The large engineering infrastructure is what brought companies there originally. The infrastructure and large potential workforce are what keep the companies there today. Stroud joined Weatherford in late 2000. The company’s RSS business has grown from two employees then to about 110 employees. The RSS group is based there because of the workforce and the supply chain locally. Virtually everything needed for the RSS can be manufactured within a 3.2-km (2-mile) radius of its new plant.

There are some surprising benefits for having manufacturing in the UK. The biggest advantage is that it is less expensive to manufacture equipment there. “For example, a lot of the equipment we manufacture here in the UK you couldn’t make for the same price in Houston. When we set this enterprise up, our expectation was that our regional repair and maintenance centers would be self-sufficient in terms of spares. But it is actually cheaper to buy from us. We find ourselves now managing all the spares for RSS for those centers,” Stroud explained.
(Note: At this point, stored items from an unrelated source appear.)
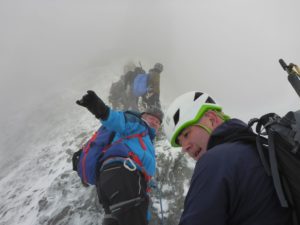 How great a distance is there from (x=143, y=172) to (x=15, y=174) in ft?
39.5

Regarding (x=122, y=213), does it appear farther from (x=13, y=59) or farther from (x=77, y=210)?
(x=13, y=59)

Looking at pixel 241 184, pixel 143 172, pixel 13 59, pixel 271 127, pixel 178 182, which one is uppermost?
pixel 13 59

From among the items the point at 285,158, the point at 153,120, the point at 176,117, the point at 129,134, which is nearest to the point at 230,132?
the point at 285,158

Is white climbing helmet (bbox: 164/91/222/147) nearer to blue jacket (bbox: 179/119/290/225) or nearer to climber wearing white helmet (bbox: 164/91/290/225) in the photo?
climber wearing white helmet (bbox: 164/91/290/225)

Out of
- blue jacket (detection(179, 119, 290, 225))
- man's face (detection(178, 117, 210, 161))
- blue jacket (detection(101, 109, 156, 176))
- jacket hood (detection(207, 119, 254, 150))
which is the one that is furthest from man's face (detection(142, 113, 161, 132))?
blue jacket (detection(179, 119, 290, 225))

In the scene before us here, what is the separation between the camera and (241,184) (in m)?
1.87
The business plan for Tewkesbury originally was to develop a continual stream of new RSS products for Weatherford. “At the moment, we are building all the new equipment for the global Weatherford RSS,” he said. “For R&D, about 40% of the 110 employees are involved in engineering, whether it is R&D or sustaining engineering.”

The key point for having the facility in Tewkesbury is the people. “We’ve been very successful in getting engineers from local universities and developing them into engineers of the future,” he added.

The future for RSS is indeed bright. RSS can drill faster and cheaper wells. Over the last couple of years, records were achieved in places like the Eagle Ford and Marcellus shales. “I don’t think we’ve reached the limit in terms of what we can actually drill yet,” Stroud said.